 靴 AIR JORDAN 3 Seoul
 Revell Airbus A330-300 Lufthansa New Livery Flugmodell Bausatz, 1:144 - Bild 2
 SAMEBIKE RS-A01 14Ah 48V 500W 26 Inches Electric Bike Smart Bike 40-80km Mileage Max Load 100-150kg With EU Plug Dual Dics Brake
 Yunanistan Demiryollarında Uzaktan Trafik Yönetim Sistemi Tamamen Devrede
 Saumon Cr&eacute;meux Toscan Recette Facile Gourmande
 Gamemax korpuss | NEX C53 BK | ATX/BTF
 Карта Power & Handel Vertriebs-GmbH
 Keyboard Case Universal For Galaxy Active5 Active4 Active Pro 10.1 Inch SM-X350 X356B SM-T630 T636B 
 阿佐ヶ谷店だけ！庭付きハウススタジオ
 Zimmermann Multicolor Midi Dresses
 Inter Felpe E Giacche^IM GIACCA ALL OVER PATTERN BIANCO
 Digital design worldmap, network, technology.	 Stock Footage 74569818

:::

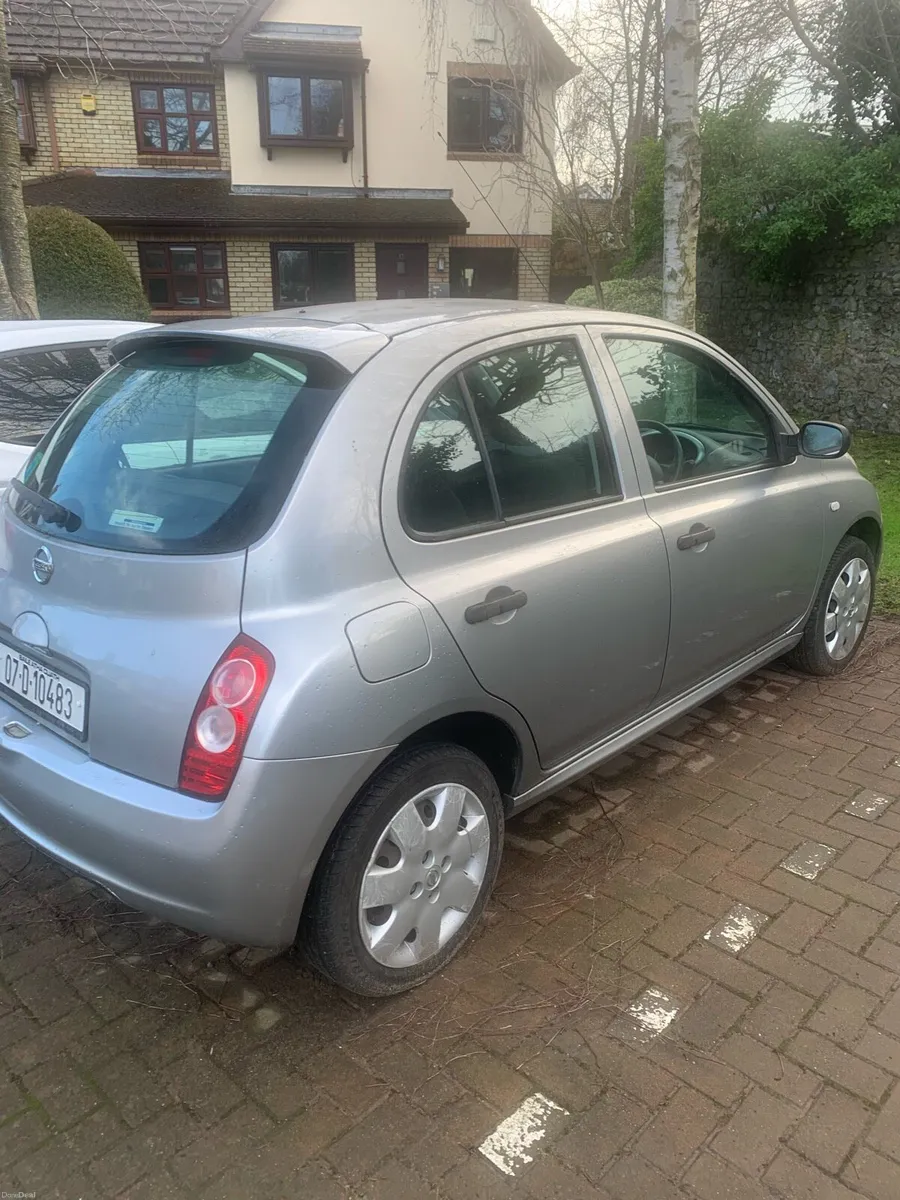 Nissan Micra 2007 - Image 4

:::

**Prompt**
From the records above, transcribe without alteration every line from the one with "靴 AIR JORDAN 3 Seoul" to the one with "Карта Power & Handel Vertriebs-GmbH", inclusive.

**Your response**
 靴 AIR JORDAN 3 Seoul
 Revell Airbus A330-300 Lufthansa New Livery Flugmodell Bausatz, 1:144 - Bild 2
 SAMEBIKE RS-A01 14Ah 48V 500W 26 Inches Electric Bike Smart Bike 40-80km Mileage Max Load 100-150kg With EU Plug Dual Dics Brake
 Yunanistan Demiryollarında Uzaktan Trafik Yönetim Sistemi Tamamen Devrede
 Saumon Cr&eacute;meux Toscan Recette Facile Gourmande
 Gamemax korpuss | NEX C53 BK | ATX/BTF
 Карта Power & Handel Vertriebs-GmbH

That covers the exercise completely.